THE DATA:
════════════════

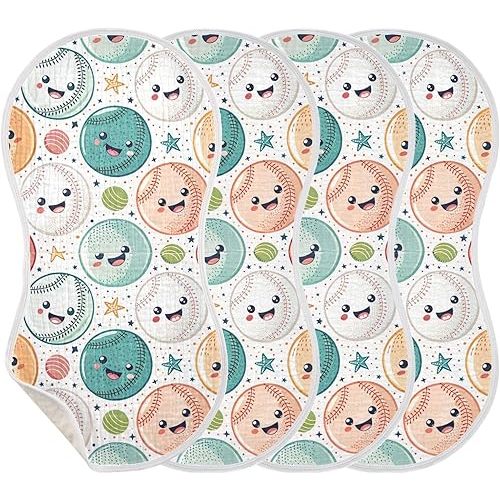 Cute Baseballs Muslin Baby Burp Cloths - Super Absorbent and Soft Burping Rags - Cotton Burp Clothes Set for Boys and Girls, 4 Pack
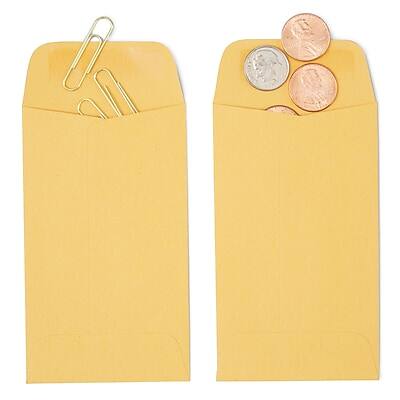 Alt View 1. Staples - Kraft #3 Coin Envelope, 2 1/2 x 4 1/4, 500/Box - Brown.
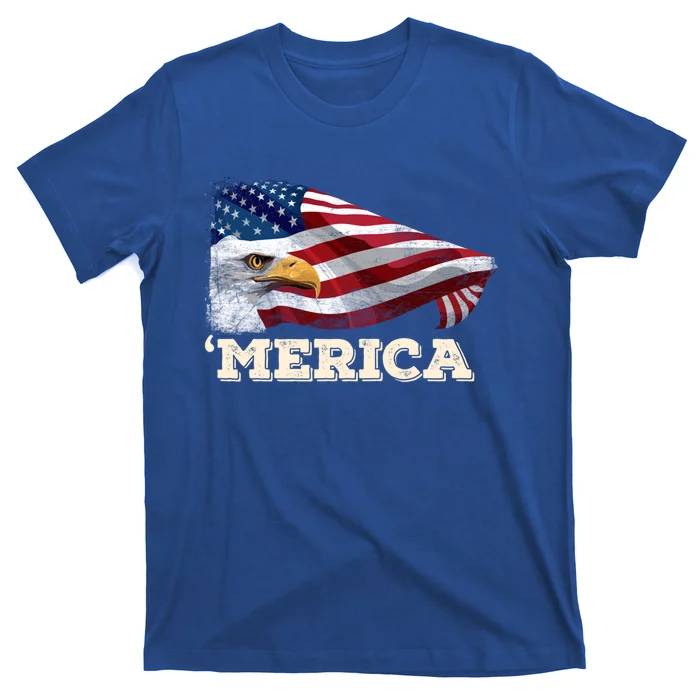 Merica Eagle Mullet 4th Of July American Flag Usa Great Gift T-Shirt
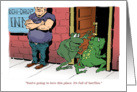 TGIF celebration - frogs entering a bar cartoon card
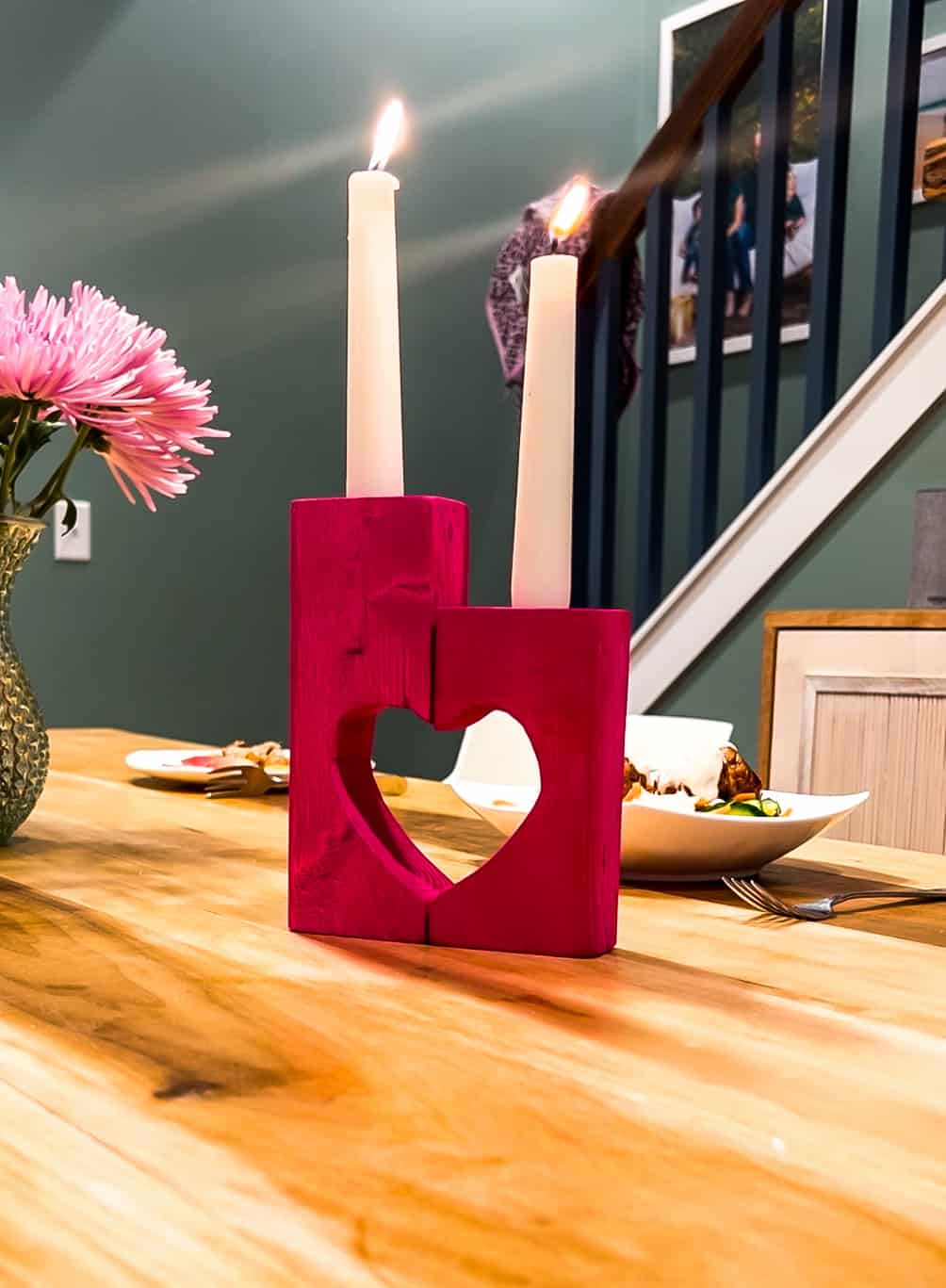 DIY wooden heart candle holder - Charleston Crafted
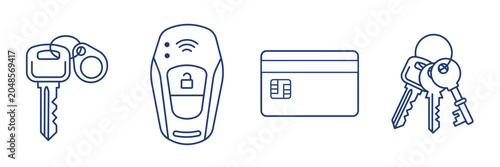 Εκτύπωση καμβά Access Control and Security Icon Set Featuring Door Key RFID Fob Car Smart Remot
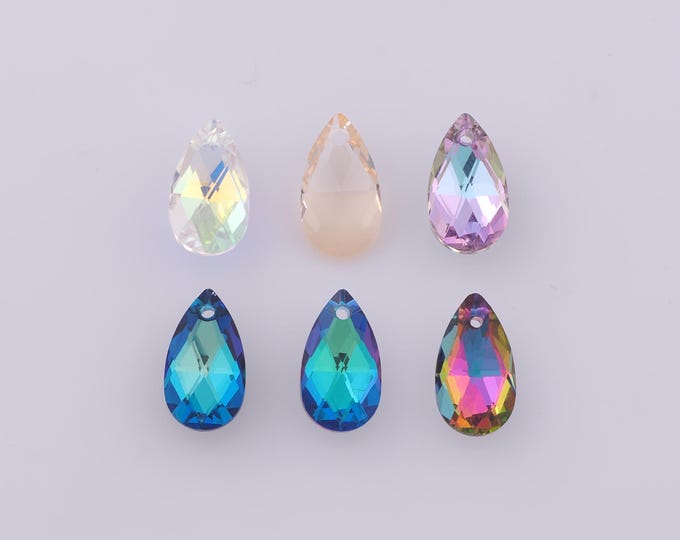 1 pcs Pear Crystal Pendant,Crystal AB Charms,Austrian Crystal,Made in Austria DIY Bracelet Necklace Jewelry Making Findings Supply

════════════════

THE PROBLEM:
Print the stretch of the data from the line with "DIY wooden heart" through its last line, exactly and with both ends kept. Omit pictures.

TASK ANSWER:
 DIY wooden heart candle holder - Charleston Crafted
 Εκτύπωση καμβά Access Control and Security Icon Set Featuring Door Key RFID Fob Car Smart Remot
 1 pcs Pear Crystal Pendant,Crystal AB Charms,Austrian Crystal,Made in Austria DIY Bracelet Necklace Jewelry Making Findings Supply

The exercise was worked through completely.